По мере развития сюжета Мэри приходит к выводу, что странный неопознанный посетитель, о котором говорилось выше, - это призрак Роберта Элвелла, с которым Нед поступил нечестно в какой-то сомнительной деловой сделке. Судя по всему, призрак вернулся, чтобы отомстить. Мэри понимает это только в конце истории во время беседы с адвокатом. И этот вывод Мэри подтверждает начальную легенду о том, что только один осознает присутствие призрака в этом доме с привидениями спустя долгое время после его появления.
Одна из причин, по которой я отнес признание Мэри существования призрака к теме подтверждения, а не к теме открытия, заключается в том, что в своем повествовательном контексте оно подтверждает начальную легенду. Более того, это откровение происходит в контексте скептицизма, поскольку молодые американцы несколько разочаровались в том, что не встретили призрака.

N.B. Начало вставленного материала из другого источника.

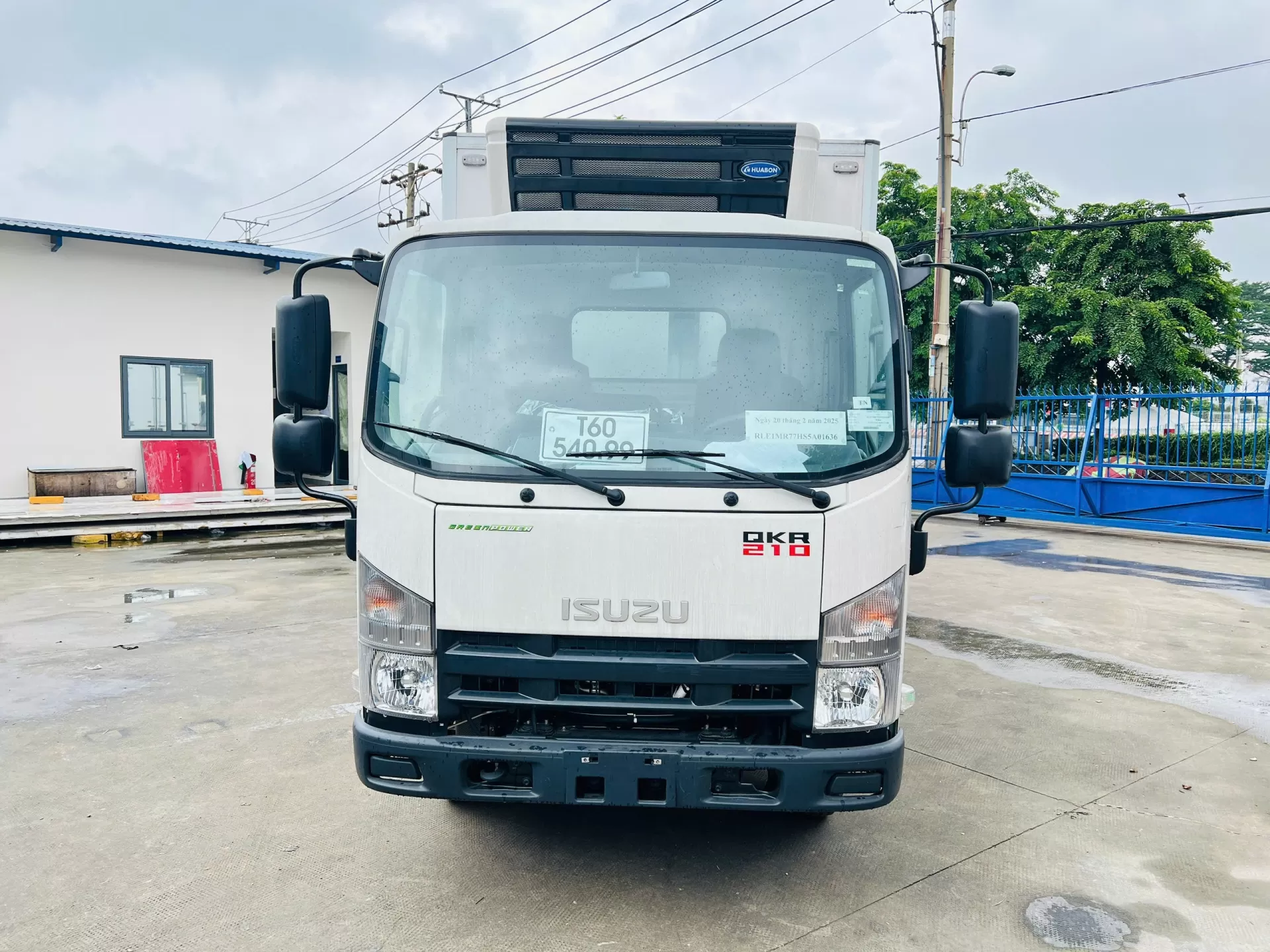 QKR210 thùng lạnh Lamberet, best seller luôn được tin chọn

Истории, развертывающие структуру "начало/подтверждение", должны каким-то образом предполагать предшествующее открытие неестественного существа. Ведь подтверждение может произойти только на фоне предыдущего открытия или гипотезы - той, которая в целом подвержена скептицизму. Один из способов выполнить эти условия - начать с контекста, в котором существует местная легенда, которую можно оспорить: возможно, утверждение о существовании Лох-Несского чудовища или Мерзкого снежного человека. Появление существа подтверждает спорную местную гипотезу. Такие истории не обязательно должны приводить к конфронтации. Возможно, как в случае с "После", для противостояния уже слишком поздно; а может быть, по той или иной причине у людей в рассказе нет ни причин, ни средств для противостояния существу. Возможно, они даже считают, что лучше позволить монстру продолжать свое существование без помех. Такие сюжеты, пожалуй, редкость в наше время, ведь в романах и фильмах ужасов так много внимания уделяется действию и приключениям, что от захватывающего противостояния трудно отказаться.